2. Lower your dairy consumption.

Dairy can thicken mucus and congestion, making allergy symptoms worse and worsening Candida (yeast overgrowth in the body). Lower your dairy consumption to just a few servings per day and try healthier versions of dairy like yogurt, kefir, farmer's cheese or paneer. These versions of dairy put more bacteria in the belly, since they are often produced through the process of fermentation. The protein in dairy, casein, is broken down a bit more in these alternative forms, easing the work of the gut and decreasing the allergic response.

3. Eat apples.

Can an apple a day keep allergies away? Apples contain quercitin, a chemical with anti-inflammatory and anti-histamine properties. Quercitin has also been shown to lower amounts of interleukin 6, an inflammatory cytokine that causes the immune dysfunction responsible for allergies. Combine apples with your green smoothies or juices for an easy and delicious allergy remedy.

4. Eat garlic.

While we don't like garlic breath, eating raw garlic can prevent allergies.
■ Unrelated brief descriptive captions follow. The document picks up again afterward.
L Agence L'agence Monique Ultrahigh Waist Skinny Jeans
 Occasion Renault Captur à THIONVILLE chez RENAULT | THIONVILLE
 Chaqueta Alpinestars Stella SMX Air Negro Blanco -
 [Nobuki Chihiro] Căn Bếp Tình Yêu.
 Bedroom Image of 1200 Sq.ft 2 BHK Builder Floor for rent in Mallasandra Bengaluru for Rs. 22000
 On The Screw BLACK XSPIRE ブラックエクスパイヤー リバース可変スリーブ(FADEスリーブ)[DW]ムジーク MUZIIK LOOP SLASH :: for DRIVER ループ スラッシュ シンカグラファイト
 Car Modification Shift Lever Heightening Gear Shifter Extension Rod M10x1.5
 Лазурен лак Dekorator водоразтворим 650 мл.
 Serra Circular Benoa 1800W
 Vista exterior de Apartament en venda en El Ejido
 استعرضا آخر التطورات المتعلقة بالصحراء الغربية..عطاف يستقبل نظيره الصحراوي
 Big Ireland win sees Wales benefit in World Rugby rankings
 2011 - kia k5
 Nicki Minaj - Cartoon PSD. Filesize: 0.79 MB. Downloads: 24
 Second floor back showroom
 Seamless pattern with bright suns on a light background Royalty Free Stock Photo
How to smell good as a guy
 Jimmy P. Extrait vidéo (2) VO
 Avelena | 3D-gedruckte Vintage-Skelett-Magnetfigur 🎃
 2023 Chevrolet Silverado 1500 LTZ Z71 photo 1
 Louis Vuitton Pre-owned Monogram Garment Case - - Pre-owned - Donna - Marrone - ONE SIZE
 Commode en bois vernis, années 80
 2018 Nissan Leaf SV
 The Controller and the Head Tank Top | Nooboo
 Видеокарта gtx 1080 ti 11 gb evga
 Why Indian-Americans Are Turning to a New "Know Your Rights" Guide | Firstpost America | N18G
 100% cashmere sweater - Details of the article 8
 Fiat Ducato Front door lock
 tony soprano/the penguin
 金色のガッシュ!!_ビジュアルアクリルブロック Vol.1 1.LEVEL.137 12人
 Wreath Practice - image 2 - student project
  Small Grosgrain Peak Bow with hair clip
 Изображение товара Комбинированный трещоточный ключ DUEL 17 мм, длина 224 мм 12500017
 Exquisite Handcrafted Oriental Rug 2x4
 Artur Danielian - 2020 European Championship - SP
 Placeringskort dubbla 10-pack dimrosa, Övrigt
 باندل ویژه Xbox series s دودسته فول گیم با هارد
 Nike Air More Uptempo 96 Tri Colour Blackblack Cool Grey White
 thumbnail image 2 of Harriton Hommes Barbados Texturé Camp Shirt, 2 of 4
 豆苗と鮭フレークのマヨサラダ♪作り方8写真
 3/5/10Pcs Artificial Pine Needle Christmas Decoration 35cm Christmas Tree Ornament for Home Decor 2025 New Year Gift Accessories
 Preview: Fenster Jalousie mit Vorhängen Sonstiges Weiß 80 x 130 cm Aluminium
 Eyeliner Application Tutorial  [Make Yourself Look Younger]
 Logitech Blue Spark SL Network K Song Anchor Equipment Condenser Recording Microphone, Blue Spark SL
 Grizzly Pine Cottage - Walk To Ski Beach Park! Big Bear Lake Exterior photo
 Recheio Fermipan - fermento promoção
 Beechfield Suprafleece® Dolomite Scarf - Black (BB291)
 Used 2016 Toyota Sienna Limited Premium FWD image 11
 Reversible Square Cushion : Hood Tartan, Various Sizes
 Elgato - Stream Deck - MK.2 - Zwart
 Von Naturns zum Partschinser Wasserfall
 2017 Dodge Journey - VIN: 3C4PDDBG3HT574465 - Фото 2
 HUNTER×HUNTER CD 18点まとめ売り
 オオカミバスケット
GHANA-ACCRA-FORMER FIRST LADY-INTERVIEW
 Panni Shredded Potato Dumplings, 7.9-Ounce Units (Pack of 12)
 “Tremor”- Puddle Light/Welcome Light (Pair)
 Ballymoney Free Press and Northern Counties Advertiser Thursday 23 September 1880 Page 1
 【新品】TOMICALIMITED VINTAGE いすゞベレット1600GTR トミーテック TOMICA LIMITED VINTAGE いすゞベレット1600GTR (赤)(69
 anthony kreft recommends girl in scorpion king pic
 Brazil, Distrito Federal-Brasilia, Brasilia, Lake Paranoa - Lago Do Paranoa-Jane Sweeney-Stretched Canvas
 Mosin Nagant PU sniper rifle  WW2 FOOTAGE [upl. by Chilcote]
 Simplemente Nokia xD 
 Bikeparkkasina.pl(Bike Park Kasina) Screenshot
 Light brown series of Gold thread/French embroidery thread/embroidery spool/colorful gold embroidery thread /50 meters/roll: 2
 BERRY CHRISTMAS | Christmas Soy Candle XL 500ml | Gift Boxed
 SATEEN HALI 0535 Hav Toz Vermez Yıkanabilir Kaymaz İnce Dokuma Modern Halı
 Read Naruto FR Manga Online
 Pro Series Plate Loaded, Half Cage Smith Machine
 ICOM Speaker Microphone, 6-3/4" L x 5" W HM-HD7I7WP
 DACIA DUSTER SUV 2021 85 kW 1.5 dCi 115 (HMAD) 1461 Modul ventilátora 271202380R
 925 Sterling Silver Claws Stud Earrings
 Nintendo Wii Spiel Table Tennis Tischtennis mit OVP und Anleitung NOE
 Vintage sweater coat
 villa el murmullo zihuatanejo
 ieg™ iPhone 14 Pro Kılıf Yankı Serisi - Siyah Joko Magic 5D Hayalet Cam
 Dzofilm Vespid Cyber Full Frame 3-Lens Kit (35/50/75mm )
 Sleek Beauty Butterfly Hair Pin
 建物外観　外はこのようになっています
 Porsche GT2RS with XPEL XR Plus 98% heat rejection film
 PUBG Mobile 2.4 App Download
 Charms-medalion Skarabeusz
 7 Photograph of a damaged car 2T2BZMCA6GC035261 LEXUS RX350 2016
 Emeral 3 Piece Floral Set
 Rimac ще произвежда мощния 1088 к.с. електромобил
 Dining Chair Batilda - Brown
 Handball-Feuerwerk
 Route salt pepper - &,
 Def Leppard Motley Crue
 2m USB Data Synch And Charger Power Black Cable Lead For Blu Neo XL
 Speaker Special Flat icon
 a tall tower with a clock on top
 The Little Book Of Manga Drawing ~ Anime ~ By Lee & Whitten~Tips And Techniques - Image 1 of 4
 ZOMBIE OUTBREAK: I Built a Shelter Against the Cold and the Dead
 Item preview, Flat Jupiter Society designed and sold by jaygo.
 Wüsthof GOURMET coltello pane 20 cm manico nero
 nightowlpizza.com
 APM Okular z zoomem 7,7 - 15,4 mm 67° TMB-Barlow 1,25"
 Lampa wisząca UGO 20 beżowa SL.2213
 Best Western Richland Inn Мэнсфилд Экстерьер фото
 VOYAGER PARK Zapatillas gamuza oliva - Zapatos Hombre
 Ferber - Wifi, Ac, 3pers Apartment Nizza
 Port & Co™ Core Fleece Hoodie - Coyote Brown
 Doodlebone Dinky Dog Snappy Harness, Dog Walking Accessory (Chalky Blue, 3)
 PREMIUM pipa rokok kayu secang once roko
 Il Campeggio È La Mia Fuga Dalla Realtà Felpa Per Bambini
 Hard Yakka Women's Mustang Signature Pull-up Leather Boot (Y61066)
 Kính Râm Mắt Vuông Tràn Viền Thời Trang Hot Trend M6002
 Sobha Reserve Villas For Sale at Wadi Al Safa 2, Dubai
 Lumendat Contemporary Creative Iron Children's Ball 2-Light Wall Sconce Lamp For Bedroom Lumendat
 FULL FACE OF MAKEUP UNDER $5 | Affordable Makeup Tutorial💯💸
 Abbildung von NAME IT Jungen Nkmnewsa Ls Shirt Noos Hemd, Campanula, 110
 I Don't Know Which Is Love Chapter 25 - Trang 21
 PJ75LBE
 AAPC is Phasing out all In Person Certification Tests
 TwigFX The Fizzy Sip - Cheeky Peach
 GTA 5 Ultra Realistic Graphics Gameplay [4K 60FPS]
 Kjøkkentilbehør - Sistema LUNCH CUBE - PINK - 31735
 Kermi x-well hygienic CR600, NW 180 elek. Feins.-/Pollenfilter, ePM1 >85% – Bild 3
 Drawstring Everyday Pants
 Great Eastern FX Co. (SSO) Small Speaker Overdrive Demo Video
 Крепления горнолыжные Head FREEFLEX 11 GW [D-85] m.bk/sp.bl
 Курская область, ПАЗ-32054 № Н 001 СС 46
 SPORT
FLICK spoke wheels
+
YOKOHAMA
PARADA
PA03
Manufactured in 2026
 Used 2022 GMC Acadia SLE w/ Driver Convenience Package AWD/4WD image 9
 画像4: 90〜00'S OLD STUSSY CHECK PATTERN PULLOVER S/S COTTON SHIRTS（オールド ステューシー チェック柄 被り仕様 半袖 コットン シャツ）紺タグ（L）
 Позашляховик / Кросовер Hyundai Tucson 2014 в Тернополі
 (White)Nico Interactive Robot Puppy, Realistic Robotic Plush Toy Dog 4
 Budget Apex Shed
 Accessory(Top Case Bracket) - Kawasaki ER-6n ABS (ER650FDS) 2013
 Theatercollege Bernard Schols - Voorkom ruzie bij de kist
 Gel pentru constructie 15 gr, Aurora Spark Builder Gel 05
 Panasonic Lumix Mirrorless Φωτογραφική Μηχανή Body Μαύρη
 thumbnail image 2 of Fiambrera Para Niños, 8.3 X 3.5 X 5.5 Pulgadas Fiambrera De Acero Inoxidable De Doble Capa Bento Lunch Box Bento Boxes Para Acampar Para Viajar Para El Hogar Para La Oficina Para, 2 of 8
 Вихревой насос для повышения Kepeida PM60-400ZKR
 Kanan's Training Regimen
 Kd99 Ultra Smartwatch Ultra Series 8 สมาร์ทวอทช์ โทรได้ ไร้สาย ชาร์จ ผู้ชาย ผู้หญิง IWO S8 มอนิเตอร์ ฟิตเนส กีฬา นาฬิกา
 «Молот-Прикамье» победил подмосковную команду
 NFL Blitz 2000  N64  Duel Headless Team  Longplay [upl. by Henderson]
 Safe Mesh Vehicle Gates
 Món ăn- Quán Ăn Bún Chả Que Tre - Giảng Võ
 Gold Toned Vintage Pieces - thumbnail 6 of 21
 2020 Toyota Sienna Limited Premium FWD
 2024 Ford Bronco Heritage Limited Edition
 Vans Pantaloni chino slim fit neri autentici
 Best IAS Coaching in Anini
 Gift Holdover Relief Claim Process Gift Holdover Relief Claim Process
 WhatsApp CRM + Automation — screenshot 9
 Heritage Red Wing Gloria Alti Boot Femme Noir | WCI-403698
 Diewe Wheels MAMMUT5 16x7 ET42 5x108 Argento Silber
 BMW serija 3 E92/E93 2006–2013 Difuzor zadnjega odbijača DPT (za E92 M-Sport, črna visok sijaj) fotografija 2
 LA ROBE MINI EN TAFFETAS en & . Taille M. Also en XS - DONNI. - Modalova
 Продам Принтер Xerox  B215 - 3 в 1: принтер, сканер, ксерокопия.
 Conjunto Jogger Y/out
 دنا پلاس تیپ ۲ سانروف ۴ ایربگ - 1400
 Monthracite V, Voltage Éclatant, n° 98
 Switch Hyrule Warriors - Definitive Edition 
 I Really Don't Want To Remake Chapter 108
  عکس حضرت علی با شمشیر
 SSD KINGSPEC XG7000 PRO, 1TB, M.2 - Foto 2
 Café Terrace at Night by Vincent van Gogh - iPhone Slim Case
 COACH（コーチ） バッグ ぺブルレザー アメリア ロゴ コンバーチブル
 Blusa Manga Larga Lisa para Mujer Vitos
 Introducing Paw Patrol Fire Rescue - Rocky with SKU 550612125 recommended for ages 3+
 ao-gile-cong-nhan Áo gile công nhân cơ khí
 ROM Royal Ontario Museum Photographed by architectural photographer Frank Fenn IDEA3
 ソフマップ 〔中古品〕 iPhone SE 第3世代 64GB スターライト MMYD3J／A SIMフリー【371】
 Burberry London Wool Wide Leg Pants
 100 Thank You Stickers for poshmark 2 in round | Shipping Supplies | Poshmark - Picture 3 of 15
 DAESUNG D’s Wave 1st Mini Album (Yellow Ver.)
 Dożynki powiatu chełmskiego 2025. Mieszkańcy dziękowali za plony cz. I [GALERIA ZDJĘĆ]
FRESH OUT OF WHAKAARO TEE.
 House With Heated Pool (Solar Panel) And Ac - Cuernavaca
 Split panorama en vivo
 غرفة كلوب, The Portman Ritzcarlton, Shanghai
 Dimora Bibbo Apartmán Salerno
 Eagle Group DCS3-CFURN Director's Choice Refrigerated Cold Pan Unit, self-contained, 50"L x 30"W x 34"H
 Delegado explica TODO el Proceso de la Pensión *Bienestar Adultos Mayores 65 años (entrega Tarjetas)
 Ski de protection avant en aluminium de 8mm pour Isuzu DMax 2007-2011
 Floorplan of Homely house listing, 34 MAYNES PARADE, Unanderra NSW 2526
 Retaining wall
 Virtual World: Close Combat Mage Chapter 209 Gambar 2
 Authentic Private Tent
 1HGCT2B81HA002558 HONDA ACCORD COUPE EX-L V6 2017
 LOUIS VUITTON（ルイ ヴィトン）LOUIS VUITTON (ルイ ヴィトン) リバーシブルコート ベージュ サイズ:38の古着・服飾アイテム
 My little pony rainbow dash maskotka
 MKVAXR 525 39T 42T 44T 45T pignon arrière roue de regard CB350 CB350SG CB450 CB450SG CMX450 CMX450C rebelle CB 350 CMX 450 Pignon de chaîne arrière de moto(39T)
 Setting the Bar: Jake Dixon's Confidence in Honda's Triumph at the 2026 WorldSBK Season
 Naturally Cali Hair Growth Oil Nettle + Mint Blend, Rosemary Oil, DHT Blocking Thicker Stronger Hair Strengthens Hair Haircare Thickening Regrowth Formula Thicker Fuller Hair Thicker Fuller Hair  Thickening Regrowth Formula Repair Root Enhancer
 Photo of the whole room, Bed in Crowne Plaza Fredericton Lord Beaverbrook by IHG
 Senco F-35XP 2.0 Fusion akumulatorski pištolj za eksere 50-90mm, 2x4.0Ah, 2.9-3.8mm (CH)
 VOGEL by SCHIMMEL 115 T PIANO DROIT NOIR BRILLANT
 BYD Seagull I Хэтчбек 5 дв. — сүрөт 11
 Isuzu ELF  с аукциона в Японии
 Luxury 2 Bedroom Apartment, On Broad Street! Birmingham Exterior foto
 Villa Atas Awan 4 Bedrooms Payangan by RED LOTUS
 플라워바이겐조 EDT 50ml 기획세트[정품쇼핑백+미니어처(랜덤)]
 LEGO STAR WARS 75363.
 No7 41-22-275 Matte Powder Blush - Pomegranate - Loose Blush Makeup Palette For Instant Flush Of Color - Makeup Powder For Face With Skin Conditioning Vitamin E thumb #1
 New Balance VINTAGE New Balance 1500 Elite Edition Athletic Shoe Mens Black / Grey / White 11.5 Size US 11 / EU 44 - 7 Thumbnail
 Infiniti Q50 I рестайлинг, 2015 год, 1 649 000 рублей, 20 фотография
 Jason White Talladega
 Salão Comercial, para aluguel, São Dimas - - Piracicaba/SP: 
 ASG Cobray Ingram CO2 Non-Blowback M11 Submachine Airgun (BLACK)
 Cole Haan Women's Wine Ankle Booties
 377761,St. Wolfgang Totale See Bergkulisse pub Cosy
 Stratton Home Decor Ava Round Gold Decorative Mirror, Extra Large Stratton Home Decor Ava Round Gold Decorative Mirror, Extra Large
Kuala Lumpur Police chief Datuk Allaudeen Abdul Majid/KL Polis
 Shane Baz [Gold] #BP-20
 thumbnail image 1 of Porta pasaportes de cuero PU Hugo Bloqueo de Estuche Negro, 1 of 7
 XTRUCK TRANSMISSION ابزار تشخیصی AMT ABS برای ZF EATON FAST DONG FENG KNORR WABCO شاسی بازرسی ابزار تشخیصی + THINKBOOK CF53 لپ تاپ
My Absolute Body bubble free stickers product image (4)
Garlic contains a compound (allium satvum) that help to minimize the allergic response while boosting immune function. Try eating some raw garlic everyday. My favorite trick is to take a few cloves and press the juice, adding it to my favorite dips. Just don't forget to chase it with a good mouthwash and tongue scraper!

5. Try black seed oil.

Black cumin seeds are gaining notoriety for many healing properties, including fighting allergies. Originating in the Middle East, black seeds were cited in middle eastern medical literature as the cure for everything from aging to indigestion. The oil from these seeds contains thymoquinone, a chemical that helps fight Candida and lowers the allergic response. Add black seed oil to your favorite salads, or take 1 teaspoon directly daily.

6. Eat fatty fish.

Salmon, tuna, and anchovies are fatty fishes with high levels of omega 3 fats, another important ingredient in the allergy equation. Omega 3 fats play a key role in managing both inflammation and the immune response, helping to lower histamine levels. Adding 2-3 servings per week of any of these fatty fishes weekly can help prevent allergies.

Switch up your palate before spring to have an allergy free season that you can enjoy!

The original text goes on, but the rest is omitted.